Use Case DC5 - Agricultural Scientist
- Goal
- How can crops help or hinder soil microbes
- Summary
-
Jean has two current projects. For the first, he studies the interactions between soil microbes and plants. It is funded by the USDA to investigate the communities of soil microbes that are associated with heirloom corn crops. His work consists of setting up experimental plots at an agricultural field station and using 454 pyrosequencing to investigate soil microbe diversity associated with different species of corn. His work produces extremely high amounts of molecular data that requires high technical support. Right now his data are stored within his institution and he obtained money for a web developer to build a visualization interface into his data.

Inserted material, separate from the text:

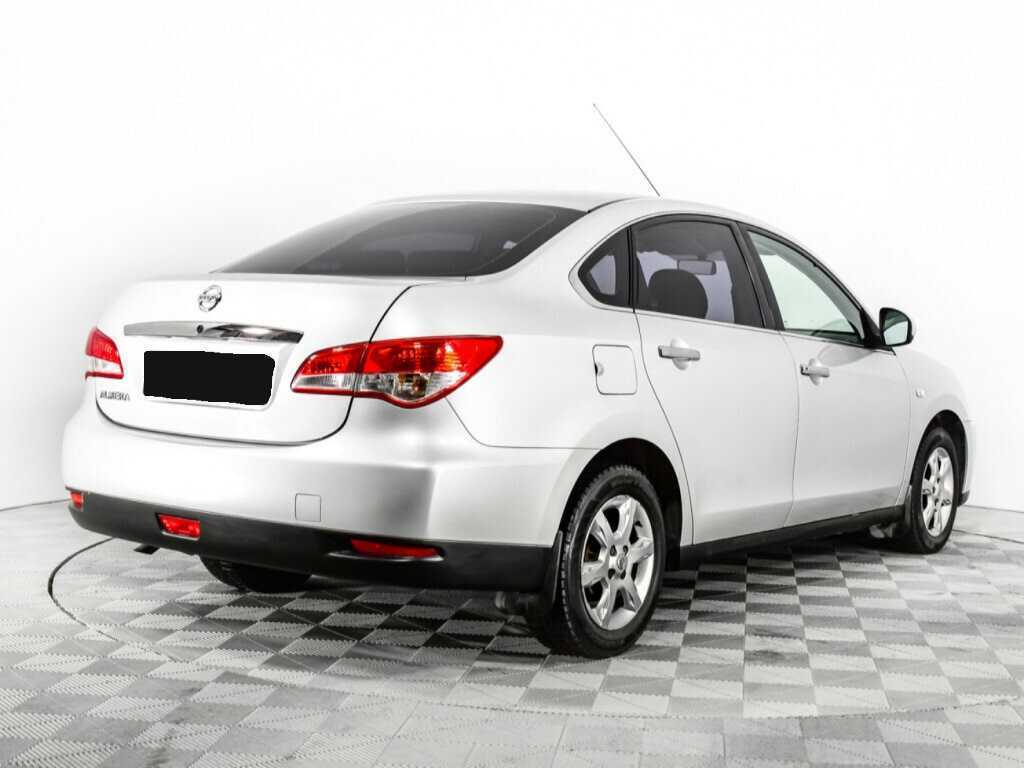 Nissan Almera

Jean has no problem sharing his data after publication, but does not want to be scooped in publications or proposals. He uses MEINS guidelines for metadata.
-
His second project uses the tomato as a model system to study sympodial growth. This project involves two types of data: phenotypic and genomic. The phenotypic data are collected via pencil and paper after seeds are germinated. Jean uses pedigree numbers to connect genotype, phenotype and generation and all data are stored in a pedigree book. He doesn’t normally share this book because it wouldn’t make sense to others, but freely distributes seeds to colleagues that ask for them. He considers these seeds to be data. When he receives seeds from others he “vets” the data by germinating the seeds and confirming the phenotype. Jean is wary of going completely digital with his phenotype data because of stories he’s heard from other colleagues who have lost lots of work. However, he does transcribe data from paper to an excel sheet. He keeps the paper copy and sometimes refers back to it to jog his memory. The genomic data comes off of a sequencing machine and is assembled by a computer. Jean has two types of sequence data: whole genome and transcriptome. The assembled genomes he is willing to share immediately and thinks others should do the same. The transcriptome data are used to answer a biological question and thus are more sensitive. He would be willing to share the raw transcriptome data after publication. Repositories exist for genome data, but not for raw phenotypic or raw sequence reads. Jean uses standard gene nomenclature to describe mutants, but feels unqualified to handle metadata. There are no metadata standards for his discipline, probably because researchers are still trying to figure out how to handle and analyze the genomic data. He knows the plant ontology exists, but doesn’t use it because it does not serve his needs – too general.
- Queries
- Find all available data about gene expression in Arabidopsis and serve it up in a usable format
- Operations/Tasks
- reanalyze soil microbe metagenome data that have been collected with other crop species
- aggregate data about 500 tomato plant mutations from multiple laboratorie
1. find all existing data sets with the same experimental design as his own work so he can compare the results to his data.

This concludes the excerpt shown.